L’Exposition avait fermé ses portes, laissant le souvenir d’une féerie prodigieuse. Les dures réalités de la vie reprenaient tout le monde et elles étaient d’autant plus sensibles que, si la vie avait renchéri, le travail se ralentissait ainsi qu’il advient régulièrement après les efforts multiples, anormaux et hâtifs qu’exigent la préparation et la mise en œuvre d’aussi inutiles manifestations.

Une échéance politique, particulièrement inquiétante, se rapprochait, le renouvellement triennal du Sénat. Un grand effort devait être fait par les républicains pour conquérir la majorité dans cette Assemblée, place forte de la réaction, qui avait voté la dissolution, s’opposait à toute tentative républicaine de la Chambre et élisait comme inamovibles les pires parmi les réacteurs qu’avait chassés de leurs sièges législatifs le suffrage universel. Les élections avaient été fixées au 5 janvier 1879. La campagne électorale fut vive, tant la partie était grosse de conséquences.

L’attitude violente des droites à la Chambre, la révélation des manœuvres électorales du Cabinet du 16 mai, des projets du ministère Rochebouët, l’obstination du Sénat à défier, par ses résistances, les élus du suffrage universel ; le désir d’en terminer avec une politique qui n’avait que trop duré, au détriment de la tranquillité publique, de la réorganisation du pays, avait fortement impressionné le suffrage restreint. Aussi le scrutin du 5 janvier marqua-t-il une éclatante victoire pour le parti républicain qui, non seulement conquérait la majorité au Sénat, mais encore s’orientait un peu plus à gauche, mais si peu ! Les élections du 5 janvier avaient modifié la composition de la Chambre haute : les républicains se comptaient au nombre de 178 ; le nombre des monarchistes et bonapartistes tombait à 120 et la Gauche était assurée d’une majorité de 58 voix ; il n’y en avait eu que 19 en faveur de la dissolution. Le parti républicain devenait maître de la situation, mais il allait procéder avec prudence, avec modération, ainsi que M. Gambetta le lui avait conseillé dans ses deux retentissants discours de Romans et de Grenoble, tellement qu’il allait subir plus que la sienne l’orientation donnée par M. Jules Ferry dont l’influence grandissait de jour en jour.

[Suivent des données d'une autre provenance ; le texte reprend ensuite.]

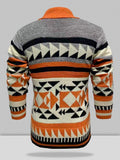 Coofandy Long Sleeve Lapel Jacquard Sweater coofandystore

A l’ouverture de la session de janvier 1879, la Chambre, à l’unanimité des votants, élut M. Grévy, président ; c’était une indication en cas de crise présidentielle. Au Sénat, ce fut M. Martel, républicain fort modéré, qui fut porté au fauteuil avec trois vice présidents de gauche, un siège avait été concédé à la droite ; il fut accordé au général de Ladmirault, celui qui comme gouverneur militaire de Paris avait fait une guerre si implacable à la presse républicaine. On eut pu faire un choix moins malencontreux ; les républicains ont la victoire indulgente…. jusqu’à la candeur.